Although not associated with specific syndromes, several common CNS malignancies are linked to certain genetic tumor markers that are prognostic and continue to direct research for therapy. Examples include a strong association between overexpression of the oncogene p53 in childhood gliomas. p53 mutations are found in approximately 40% of malignant gliomas in children older than 3 years, which is much higher than the frequency seen in adult gliomas.1,12,15 In addition, the presence of the p53 mutation is associated with a poor prognosis independent of both the clinical and histologic prognostic features of the tumor at initial evaluation.15 Studies have also shown a relationship between AT/RTs and the INI1 gene on chromosome 22.12 This has become an important diagnostic tool because AT/RTs cannot be distinguished from medulloblastoma by clinical features or neuroimaging.16 Microscopically, these tumors can also be difficult to distinguish as a result of several similar features. Antibody staining for the INI1 gene for immunohistochemical analysis has now been used to differentiate these two entities because inactivating mutations of the INI1 gene located on chromosome 22 are a crucial step in the molecular pathogenesis of AT/RTs.16 Interestingly, choroid plexus tumors, called choroid plexus papillomas and carcinomas, which are intraventricular epithelial tumors arising from the choroid plexus, may also stain for the INI1 gene.

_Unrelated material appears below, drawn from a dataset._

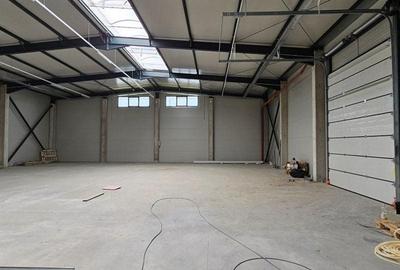 Spațiu industrial, de 595 mp, în Central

In addition, multiple genetic markers have been linked to medulloblastoma, including Trk-C, whose presence correlates with a good prognosis, whereas overexpression of epidermal growth factor receptor 2 and c-MYC have high predictive power for a poor prognosis.14,15 OTX2 overamplification has also been appreciated in medulloblastomas.17 OTX2 is a transcription factor that plays a role in normal cerebellar development.17 Expression of OTX2 has correlated with higher grade tumors, a poorer prognosis, and medulloblastomas that more frequently localize to the vermis of the cerebellum.17,18 OTX2 may become important in the treatment of this disease as well, inasmuch as a recent study demonstrated that OTX2-expressing medulloblastomas were responsive to all-trans-retinoic acid in vitro.17
Clinical Features
Because CNS malignancies account for approximately a quarter of childhood cancers, it is imperative that health care professionals be able to recognize the signs and symptoms at initial encounter.5 The signs and symptoms at diagnosis are typically a result of tumor location but are most often secondary to the raised intracranial pressure (ICP) that occurs with 40% of all intracranial tumors in childhood.5 Hydrocephalus is principally seen with infratentorial tumors and is due to obstruction of the ventricular system from mass effect by the tumor. The most common symptoms of elevated ICP are headache, nausea, and vomiting, which occur especially in the morning, and lethargy.8,10,12 Less commonly, macrocephaly and a bulging fontanelle can be seen in younger patients whose sutures have not yet closed.10 Infratentorial tumors causing compression on the brainstem can also be manifested as cranial nerve palsies.12 A common example is Parinaud’s syndrome, which is seen with compression of the midbrain tectum from a mass effect or increasing hydrocephalus. Features of Parinaud’s syndrome include paralysis of upgaze, paresis of accommodation, and convergence nystagmus. Additionally, a local mass effect from cerebellar tumors can cause ataxia and subsequent gait disturbances.5
In contrast, supratentorial tumors tend to be manifested as focal neurological deficits because of the local mass effect of the tumor; the deficits vary according to location and include visual disturbances from optic nerve gliomas, hemiplegia, and seizures, but they can also be accompanied by symptoms of increased ICP.12 Seizures may also be the single initial sign, with one study showing that 14% of children had seizures before their first hospitalization for a brain tumor.19 At all ages, the incidence of seizures was higher in children with a supratentorial tumor and increased with age.19 Other less common features can include weight loss, growth retardation, precocious puberty, and excessive thirst and urination, which are more commonly associated with tumors located near the neuro-endocrine structures of the brain, including the pituitary gland and hypothalamus.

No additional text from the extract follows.